##### Recorded data #####
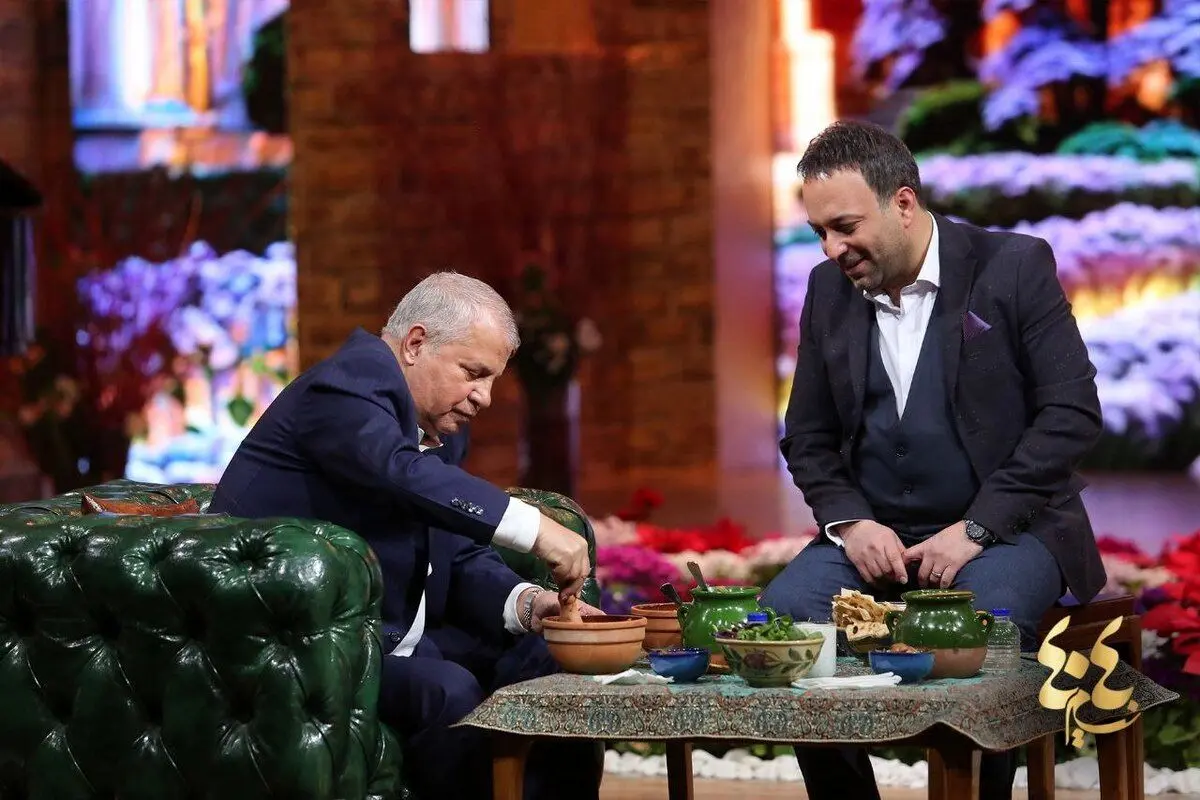(ویدیو) علی پروین و آموزش فوت و فن آب‌گوشت خوردن!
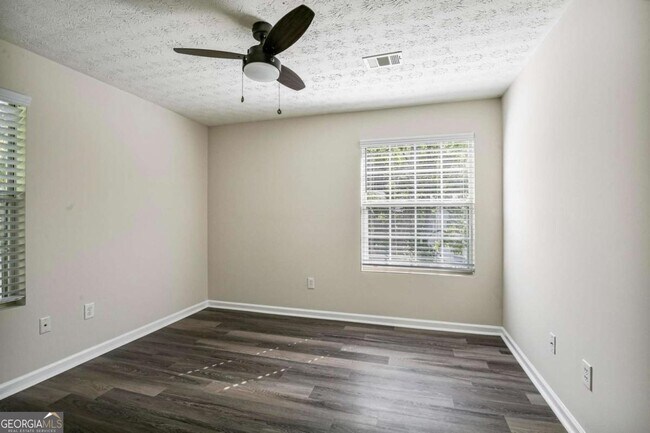 Building Photo - 1371 Keys Crossing Dr NE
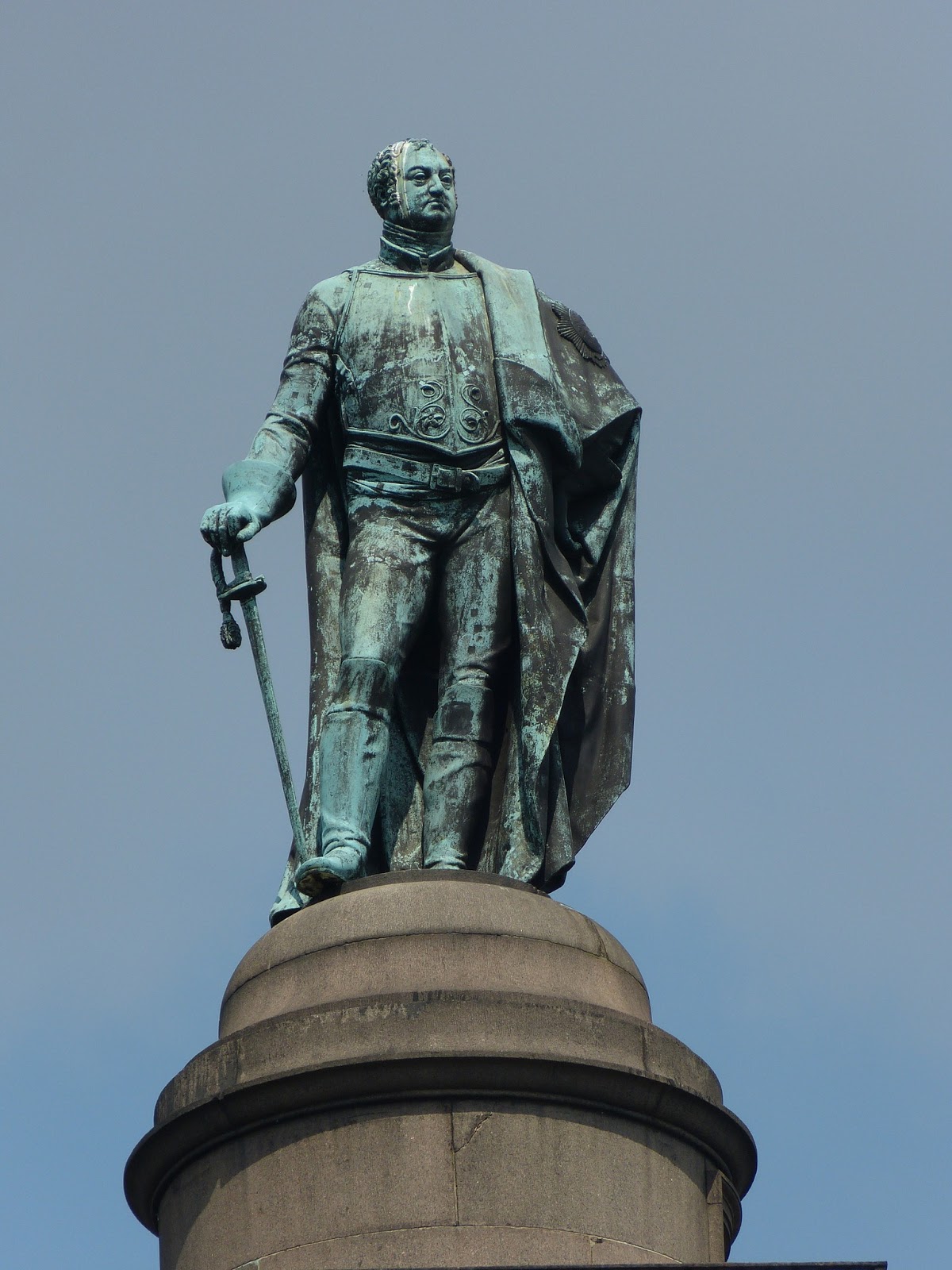 Statue of hot foto 25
#####
▸ **Directions**:
For the material above, repeat each line exactly and leave out the pictures.

▸ **Answer to this problem**:
(ویدیو) علی پروین و آموزش فوت و فن آب‌گوشت خوردن!
 Building Photo - 1371 Keys Crossing Dr NE
 Statue of hot foto 25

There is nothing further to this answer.